Even with my extensive vocabulary of words, I can’t express how happy I was to receive that text. I had spent the previous few months working as a Snowboard Instructor, unsure if I would even have the chance to go to College given my less-than-phenomenal grades during my first year of high school. Yet there I stood, an enrolled College student. Take that high school self-esteem!
The Wait Is On
Despite my initial excitement, I spent the next few months in a state of anxiety. I wondered if I had somehow been the victim of a fluke or fudge in the admissions. Not only was Creighton my top choice, but it was also my reach school. Given my ACT scores and the fact that I had gone to two high schools, I didn’t think Creighton would accept me. Over the next few months, I received numerous rejection letters from comparable universities. I failed to qualify for Gonzaga, Seattle University, Sonoma State, Chico State, or a dozen others. Not even Fordham University, my grandfather and brother’s alma mater, had a place for me.
How I Knew Creighton Was the One
Even though I had indeed been accepted into Creighton, I didn’t think I would be able to afford it. I had decided to try to get into Chico State — who cited inconsistencies in my Canadian grades as the reason for my rejection — and was even drafting an appeal letter. Just as I was finishing it up, my Dad called me to inform me of the financial aid package I had received from Creighton, an amount so tempting that not even going to a California State school (which I had residency for) would have been cheaper. I remember sitting around a campfire that night with some friends, during my phase of being a barefoot, shirtless, hair-down-to-my-shoulders mountain man (with such finely crafted colloquialisms that included the words “gnar” and “bra”) and wondering how I had come into such good fortune.

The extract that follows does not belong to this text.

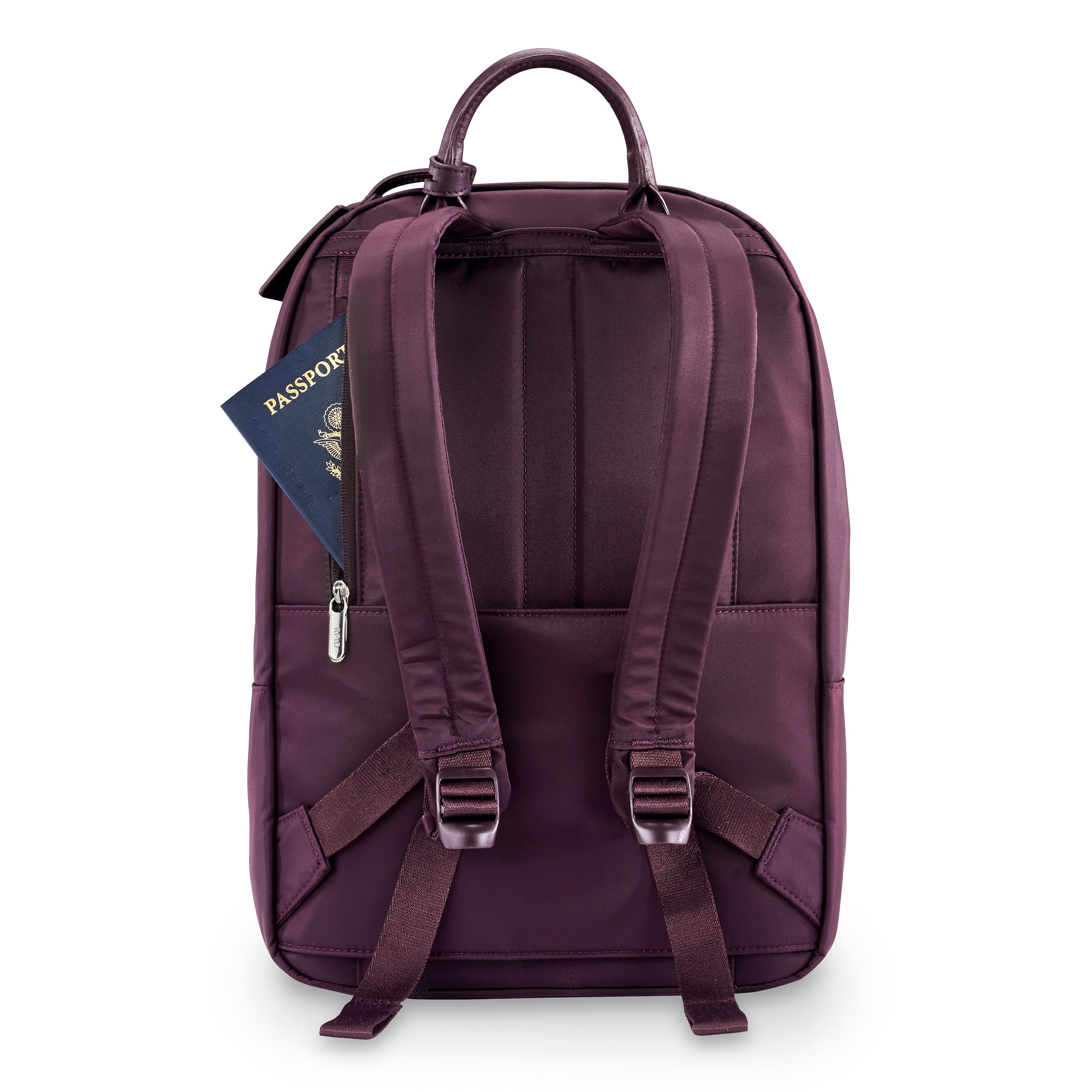 Plum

Right up until my first day of move-in, I was expecting someone to call to tell me that they had made a mistake. That there was some other Patrick Keaveny they had sent the wrong letter to, and that I wasn’t supposed to be there. Alas, no call ever came, and after I had said goodbye to my parents, I knew for certain that I was meant to be here.
Four Years Later
Now here I sit, four years after that campfire, my hair shorter, my arms buffer, my mind larger, and my experiences more well-versed (my feet remain barefoot however). And yet, I feel surprisingly… unfulfilled.
Don’t get me wrong, I’ve had some wonderful experiences. I lived with some of the best friends I could have asked for. I gained self-confidence in myself, my skills, and my intelligence. I grew as a person and had unique experiences. I got to explore my interests as well as stray outside my familiar comfort zones and find exciting new interests. On top of that, I had some of the most challenging classes with some of the most personal and inspiring teachers I have ever met.
Yet things aren’t the way they should be. I can’t really explain how I know this, but I know. Deep down, I know that something is wrong, something happened, or more accurately, didn’t happen in these last four years, and I walk into the real world a little cynical of my College experience.
If anything, I have learned that the journey isn’t over for me. There is something missing, something I have yet to find, something that didn’t happen in College that I hope will happen after. I don’t know what said thing is, all I know is that I have yet to be fulfilled. I have yet to settle down and am not sure if I will settle down for awhile. I have too much fire in me to let the end of college be the end of the best years of my life.
For me, the journey is far from over. Four years later, and the journey is just beginning.
Who knows where I’ll be four years later?